• **What needs to be done**
Beginning at the line containing "Villa ou maison" in the material below and ending at the line containing "Anna Marie Dove's profile image", return each line exactly and add nothing.

• **Source records**

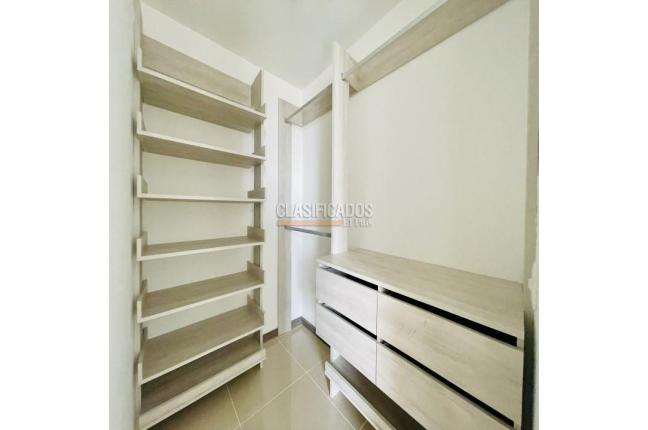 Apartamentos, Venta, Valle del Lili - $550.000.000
...
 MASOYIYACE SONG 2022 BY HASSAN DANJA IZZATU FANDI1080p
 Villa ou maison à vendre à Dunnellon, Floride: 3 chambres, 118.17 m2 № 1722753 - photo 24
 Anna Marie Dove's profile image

• **Task output**
 Villa ou maison à vendre à Dunnellon, Floride: 3 chambres, 118.17 m2 № 1722753 - photo 24
 Anna Marie Dove's profile image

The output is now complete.